⟨

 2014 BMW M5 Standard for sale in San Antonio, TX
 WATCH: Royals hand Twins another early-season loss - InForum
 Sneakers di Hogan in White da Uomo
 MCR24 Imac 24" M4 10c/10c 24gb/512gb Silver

⟩
⟨

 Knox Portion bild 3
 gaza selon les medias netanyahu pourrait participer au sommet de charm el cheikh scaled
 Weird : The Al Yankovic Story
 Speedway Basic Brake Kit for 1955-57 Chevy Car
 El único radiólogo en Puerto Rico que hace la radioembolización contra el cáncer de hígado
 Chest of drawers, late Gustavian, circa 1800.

⟩
⟨

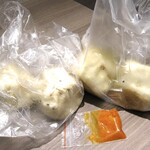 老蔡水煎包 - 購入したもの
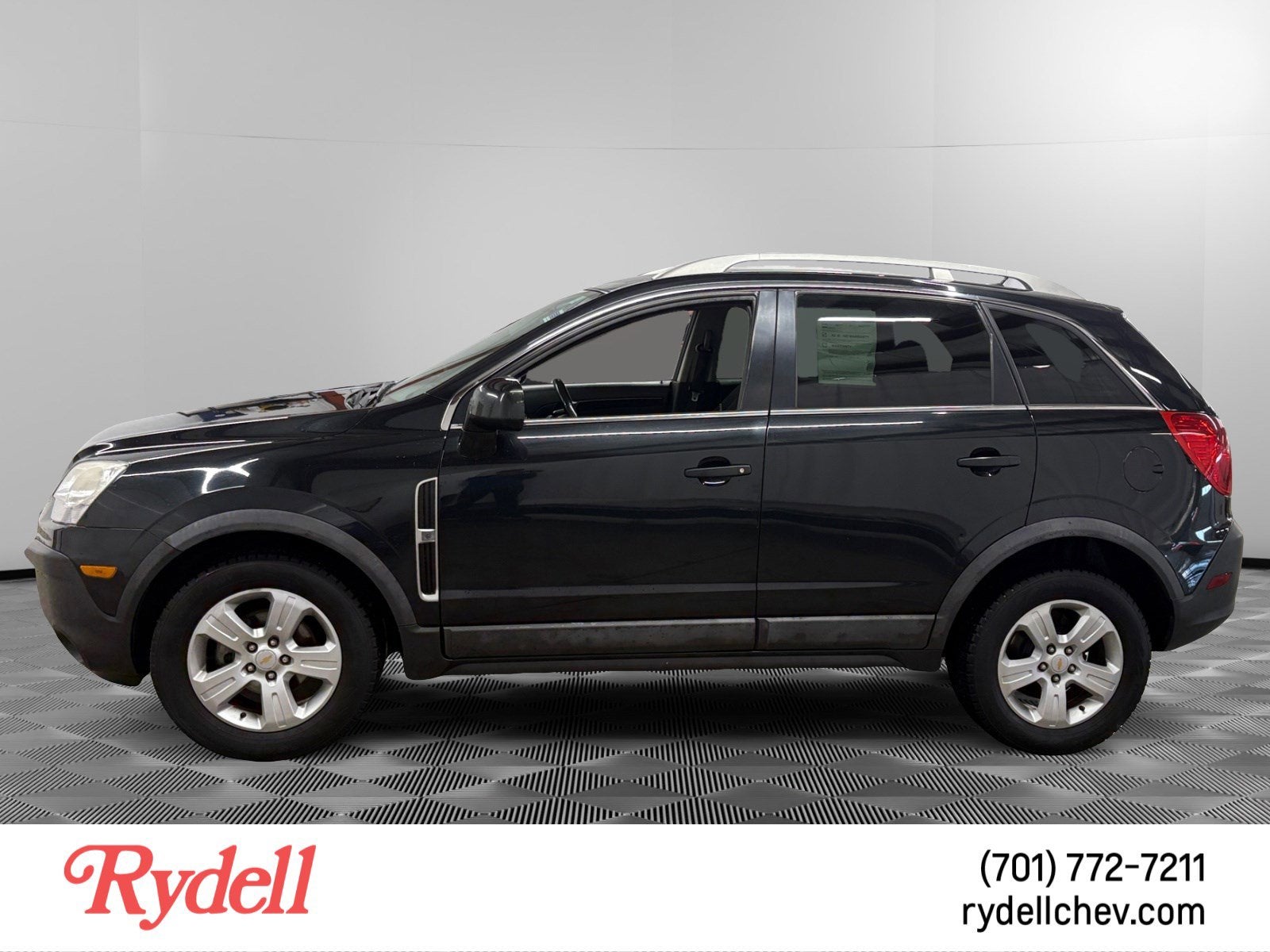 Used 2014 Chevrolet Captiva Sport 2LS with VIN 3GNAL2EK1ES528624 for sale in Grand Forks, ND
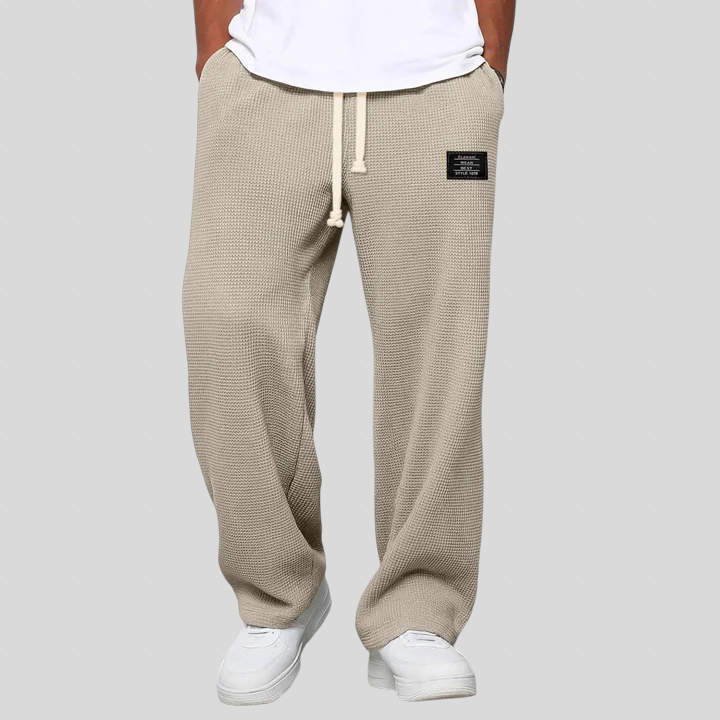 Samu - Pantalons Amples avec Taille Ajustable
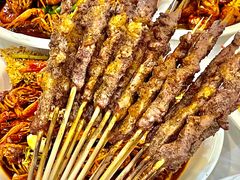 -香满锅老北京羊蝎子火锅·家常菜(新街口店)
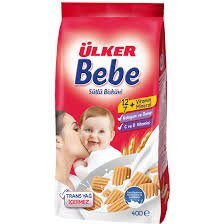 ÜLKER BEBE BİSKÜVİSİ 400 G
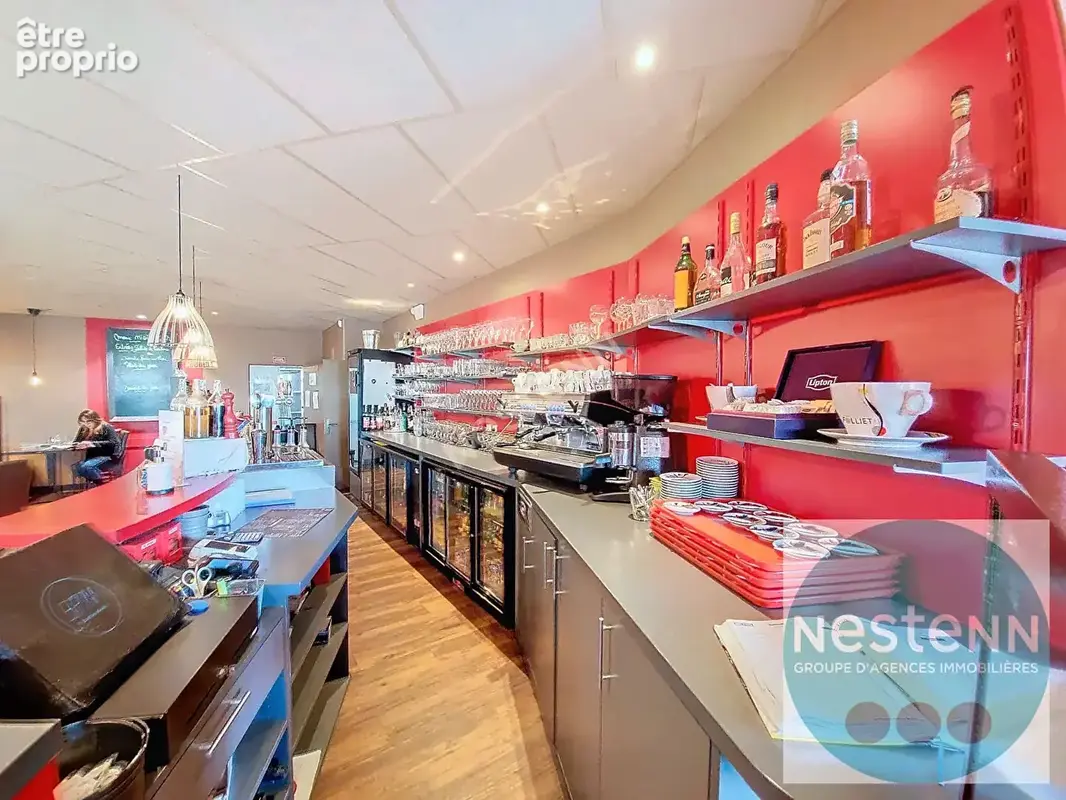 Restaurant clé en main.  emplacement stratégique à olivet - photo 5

⟩

Work request ▸ Looking at the data above, write out exactly the lines that start at the one containing "2014 BMW M5" and end at the one containing "10c/10c 24gb/512gb Silver"; include both and nothing beyond.

Reply to the task ▸
 2014 BMW M5 Standard for sale in San Antonio, TX
 WATCH: Royals hand Twins another early-season loss - InForum
 Sneakers di Hogan in White da Uomo
 MCR24 Imac 24" M4 10c/10c 24gb/512gb Silver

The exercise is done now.